Manat Chaijan

pp. 47 - 53

Abstract

Lipid oxidation and myoglobin oxidation in muscle foods occur in a concurrent manner and each process appears to enhance the other. During oxidation of oxymyoglobin, both superoxide anion and hydrogen peroxide are produced and further react with iron to produce hydroxyl radical. The hydroxyl radical has the ability to penetrate into the hydrophobic lipid region and hence facilitates lipid oxidation. The prooxidant effect of oxymyoglobin on lipid oxidation is concentrationdependent. At equimolar concentrations, oxymyoglobin shows higher prooxidative activity towards lipid than metmyoglobin. However, the catalytic activity of metmyoglobin is promoted by hydrogen peroxide. The reaction between hydrogen
peroxide and metmyoglobin results in the formation of two active hypervalent myoglobin species, perferrylmyoglobin and ferrylmyoglobin, which are responsible for lipid oxidation. Additionally, lipid oxidation results in a wide range of aldehyde products, which are reported to induce the oxidation of oxymyoglobin. Metmyoglobin formation is generally greater in the presence of unsaturated aldehydes than their saturated counterparts of equivalent carbon chain length.
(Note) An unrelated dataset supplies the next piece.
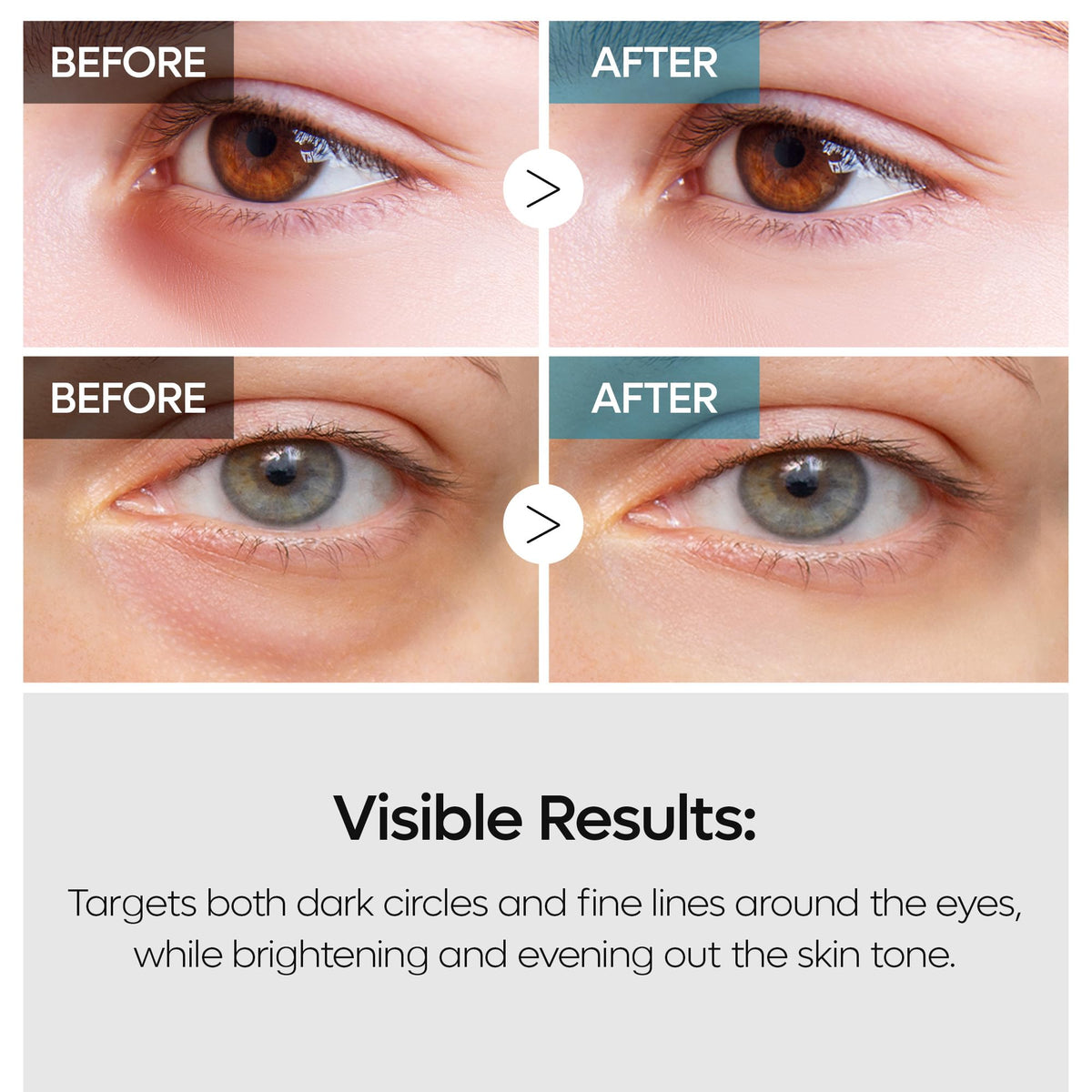DR MELAXIN TX Tranexamic Acid Retinalsome Dual Eye Cream - Dr.Melaxin Official Imagery - 4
In addition, increasing
chain length of aldehydes, from hexenal through nonenal, results in the increased metmyoglobin formation. Moreover, aldehydes alter myoglobin redox stability by increasing oxymyoglobin oxidation, decreasing the metmyoglobin reduction via enzymatic process, and enhance the prooxidant activity of metmyoglobin. Therefore, the oxidation of both lipid and myoglobin directly affect the quality and acceptability of muscle foods and the lowering of such a phenomenon can enhance the shelf-life stability of those foods.